*ABOUT THIS EXERCISE*: Repeat exactly the lines below that lie between the line with "Jeffrey Campbell mulheres" and the line with "Ritika Mirchandani Blue", counting both of those lines as part of the answer.

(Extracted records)
══════

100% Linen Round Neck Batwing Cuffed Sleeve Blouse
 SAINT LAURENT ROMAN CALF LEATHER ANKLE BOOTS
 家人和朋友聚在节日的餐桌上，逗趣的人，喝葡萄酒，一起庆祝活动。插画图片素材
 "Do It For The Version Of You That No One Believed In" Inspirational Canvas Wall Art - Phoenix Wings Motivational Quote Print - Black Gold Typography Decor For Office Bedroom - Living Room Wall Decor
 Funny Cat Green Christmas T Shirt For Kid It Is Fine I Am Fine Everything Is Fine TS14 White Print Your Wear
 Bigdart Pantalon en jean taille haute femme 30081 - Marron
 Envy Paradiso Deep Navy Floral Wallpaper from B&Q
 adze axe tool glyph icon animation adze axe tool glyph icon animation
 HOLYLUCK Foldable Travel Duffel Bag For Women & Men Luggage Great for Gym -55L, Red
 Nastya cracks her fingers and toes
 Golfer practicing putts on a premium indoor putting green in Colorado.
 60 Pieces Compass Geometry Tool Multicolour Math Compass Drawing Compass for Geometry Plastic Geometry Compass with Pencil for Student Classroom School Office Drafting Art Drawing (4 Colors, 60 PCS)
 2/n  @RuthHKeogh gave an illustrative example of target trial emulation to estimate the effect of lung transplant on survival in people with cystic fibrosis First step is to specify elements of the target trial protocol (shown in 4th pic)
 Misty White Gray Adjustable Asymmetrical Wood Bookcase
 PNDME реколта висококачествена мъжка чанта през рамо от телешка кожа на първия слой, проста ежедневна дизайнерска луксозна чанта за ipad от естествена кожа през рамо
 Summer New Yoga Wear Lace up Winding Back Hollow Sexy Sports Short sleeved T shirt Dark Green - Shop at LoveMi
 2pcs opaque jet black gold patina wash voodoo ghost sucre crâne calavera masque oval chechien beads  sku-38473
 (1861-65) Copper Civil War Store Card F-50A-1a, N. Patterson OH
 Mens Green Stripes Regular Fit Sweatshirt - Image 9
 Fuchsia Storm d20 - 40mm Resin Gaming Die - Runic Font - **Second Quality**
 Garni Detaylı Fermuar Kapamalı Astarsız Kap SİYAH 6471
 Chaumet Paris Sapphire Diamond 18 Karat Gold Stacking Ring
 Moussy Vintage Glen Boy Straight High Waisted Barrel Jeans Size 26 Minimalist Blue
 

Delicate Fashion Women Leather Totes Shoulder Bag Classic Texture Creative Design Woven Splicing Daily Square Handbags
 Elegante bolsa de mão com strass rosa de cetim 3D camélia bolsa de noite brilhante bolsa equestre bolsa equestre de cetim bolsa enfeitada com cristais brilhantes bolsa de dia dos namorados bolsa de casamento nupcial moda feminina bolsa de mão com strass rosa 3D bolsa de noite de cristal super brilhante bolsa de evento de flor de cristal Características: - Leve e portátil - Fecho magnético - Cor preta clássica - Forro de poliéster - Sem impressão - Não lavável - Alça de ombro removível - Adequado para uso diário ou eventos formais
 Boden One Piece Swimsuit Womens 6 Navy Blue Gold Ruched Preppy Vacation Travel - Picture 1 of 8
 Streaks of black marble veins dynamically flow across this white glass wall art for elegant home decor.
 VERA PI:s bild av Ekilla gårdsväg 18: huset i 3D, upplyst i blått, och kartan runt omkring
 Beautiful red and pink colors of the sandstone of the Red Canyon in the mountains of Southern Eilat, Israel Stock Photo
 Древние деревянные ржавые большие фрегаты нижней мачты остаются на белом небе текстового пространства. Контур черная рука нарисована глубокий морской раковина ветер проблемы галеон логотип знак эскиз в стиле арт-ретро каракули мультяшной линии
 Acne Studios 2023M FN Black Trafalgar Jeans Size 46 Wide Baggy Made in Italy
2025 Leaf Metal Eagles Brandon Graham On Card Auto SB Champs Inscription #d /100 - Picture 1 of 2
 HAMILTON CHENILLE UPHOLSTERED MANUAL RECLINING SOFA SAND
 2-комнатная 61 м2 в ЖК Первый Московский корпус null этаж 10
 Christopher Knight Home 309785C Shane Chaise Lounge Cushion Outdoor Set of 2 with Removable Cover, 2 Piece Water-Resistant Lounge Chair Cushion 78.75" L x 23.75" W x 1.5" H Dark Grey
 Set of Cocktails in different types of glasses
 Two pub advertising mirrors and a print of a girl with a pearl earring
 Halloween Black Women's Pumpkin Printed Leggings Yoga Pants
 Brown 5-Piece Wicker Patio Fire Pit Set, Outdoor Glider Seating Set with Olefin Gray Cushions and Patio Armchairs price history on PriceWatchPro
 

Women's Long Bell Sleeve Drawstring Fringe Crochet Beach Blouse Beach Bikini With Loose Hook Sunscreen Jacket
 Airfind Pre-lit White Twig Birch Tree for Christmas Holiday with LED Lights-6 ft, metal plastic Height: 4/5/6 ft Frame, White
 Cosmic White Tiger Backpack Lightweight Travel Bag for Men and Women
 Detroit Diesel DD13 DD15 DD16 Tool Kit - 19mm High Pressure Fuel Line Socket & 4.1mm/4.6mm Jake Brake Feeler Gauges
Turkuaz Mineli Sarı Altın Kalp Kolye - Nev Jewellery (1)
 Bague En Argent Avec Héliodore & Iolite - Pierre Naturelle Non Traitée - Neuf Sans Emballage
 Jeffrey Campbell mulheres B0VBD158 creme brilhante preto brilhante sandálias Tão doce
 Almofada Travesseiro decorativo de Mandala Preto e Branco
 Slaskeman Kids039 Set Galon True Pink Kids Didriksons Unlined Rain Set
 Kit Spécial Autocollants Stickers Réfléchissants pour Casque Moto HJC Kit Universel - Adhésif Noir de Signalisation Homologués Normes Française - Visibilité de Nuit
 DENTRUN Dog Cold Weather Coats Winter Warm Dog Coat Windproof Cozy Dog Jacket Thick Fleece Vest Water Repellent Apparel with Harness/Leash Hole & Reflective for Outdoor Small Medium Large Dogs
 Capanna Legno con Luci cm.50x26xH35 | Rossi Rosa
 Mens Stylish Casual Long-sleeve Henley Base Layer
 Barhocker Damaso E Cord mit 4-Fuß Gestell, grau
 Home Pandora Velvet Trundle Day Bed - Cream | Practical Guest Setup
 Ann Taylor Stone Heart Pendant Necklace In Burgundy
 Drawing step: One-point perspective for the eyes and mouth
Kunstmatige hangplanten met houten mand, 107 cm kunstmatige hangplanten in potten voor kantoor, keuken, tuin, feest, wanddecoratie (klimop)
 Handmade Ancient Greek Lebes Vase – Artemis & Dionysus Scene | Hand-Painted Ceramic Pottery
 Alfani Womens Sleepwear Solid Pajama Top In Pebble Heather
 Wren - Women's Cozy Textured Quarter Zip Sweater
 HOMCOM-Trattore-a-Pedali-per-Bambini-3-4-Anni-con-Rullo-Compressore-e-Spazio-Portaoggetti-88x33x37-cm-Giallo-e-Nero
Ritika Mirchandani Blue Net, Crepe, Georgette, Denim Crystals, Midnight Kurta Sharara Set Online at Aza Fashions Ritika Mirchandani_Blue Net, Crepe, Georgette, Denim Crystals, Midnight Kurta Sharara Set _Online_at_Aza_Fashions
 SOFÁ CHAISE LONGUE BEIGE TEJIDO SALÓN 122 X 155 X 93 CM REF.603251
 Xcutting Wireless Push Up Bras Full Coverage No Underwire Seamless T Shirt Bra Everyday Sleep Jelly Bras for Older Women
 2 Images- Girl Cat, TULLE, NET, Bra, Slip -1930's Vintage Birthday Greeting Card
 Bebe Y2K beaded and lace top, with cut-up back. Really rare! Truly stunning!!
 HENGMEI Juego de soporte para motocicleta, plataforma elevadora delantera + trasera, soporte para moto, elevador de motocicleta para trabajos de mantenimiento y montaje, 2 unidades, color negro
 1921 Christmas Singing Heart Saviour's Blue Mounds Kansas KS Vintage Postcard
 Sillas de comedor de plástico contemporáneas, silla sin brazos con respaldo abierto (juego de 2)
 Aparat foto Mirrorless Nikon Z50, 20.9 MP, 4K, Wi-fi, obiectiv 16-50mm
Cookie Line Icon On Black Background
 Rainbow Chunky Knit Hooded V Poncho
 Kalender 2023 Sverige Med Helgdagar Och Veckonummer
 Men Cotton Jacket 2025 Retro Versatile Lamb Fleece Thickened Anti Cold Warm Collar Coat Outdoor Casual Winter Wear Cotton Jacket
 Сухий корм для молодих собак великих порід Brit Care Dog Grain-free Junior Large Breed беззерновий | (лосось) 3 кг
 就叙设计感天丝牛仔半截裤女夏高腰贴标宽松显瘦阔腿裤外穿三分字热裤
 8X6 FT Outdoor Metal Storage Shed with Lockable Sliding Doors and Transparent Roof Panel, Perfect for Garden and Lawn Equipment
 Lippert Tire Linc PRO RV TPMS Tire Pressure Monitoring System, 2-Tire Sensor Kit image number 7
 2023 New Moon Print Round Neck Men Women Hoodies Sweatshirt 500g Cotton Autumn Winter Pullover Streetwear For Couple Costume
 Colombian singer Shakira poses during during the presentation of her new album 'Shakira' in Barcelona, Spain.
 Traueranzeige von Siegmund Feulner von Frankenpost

══════

*EXPECTED ANSWER*:
 Jeffrey Campbell mulheres B0VBD158 creme brilhante preto brilhante sandálias Tão doce
 Almofada Travesseiro decorativo de Mandala Preto e Branco
 Slaskeman Kids039 Set Galon True Pink Kids Didriksons Unlined Rain Set
 Kit Spécial Autocollants Stickers Réfléchissants pour Casque Moto HJC Kit Universel - Adhésif Noir de Signalisation Homologués Normes Française - Visibilité de Nuit
 DENTRUN Dog Cold Weather Coats Winter Warm Dog Coat Windproof Cozy Dog Jacket Thick Fleece Vest Water Repellent Apparel with Harness/Leash Hole & Reflective for Outdoor Small Medium Large Dogs
 Capanna Legno con Luci cm.50x26xH35 | Rossi Rosa
 Mens Stylish Casual Long-sleeve Henley Base Layer
 Barhocker Damaso E Cord mit 4-Fuß Gestell, grau
 Home Pandora Velvet Trundle Day Bed - Cream | Practical Guest Setup
 Ann Taylor Stone Heart Pendant Necklace In Burgundy
 Drawing step: One-point perspective for the eyes and mouth
Kunstmatige hangplanten met houten mand, 107 cm kunstmatige hangplanten in potten voor kantoor, keuken, tuin, feest, wanddecoratie (klimop)
 Handmade Ancient Greek Lebes Vase – Artemis & Dionysus Scene | Hand-Painted Ceramic Pottery
 Alfani Womens Sleepwear Solid Pajama Top In Pebble Heather
 Wren - Women's Cozy Textured Quarter Zip Sweater
 HOMCOM-Trattore-a-Pedali-per-Bambini-3-4-Anni-con-Rullo-Compressore-e-Spazio-Portaoggetti-88x33x37-cm-Giallo-e-Nero
Ritika Mirchandani Blue Net, Crepe, Georgette, Denim Crystals, Midnight Kurta Sharara Set Online at Aza Fashions Ritika Mirchandani_Blue Net, Crepe, Georgette, Denim Crystals, Midnight Kurta Sharara Set _Online_at_Aza_Fashions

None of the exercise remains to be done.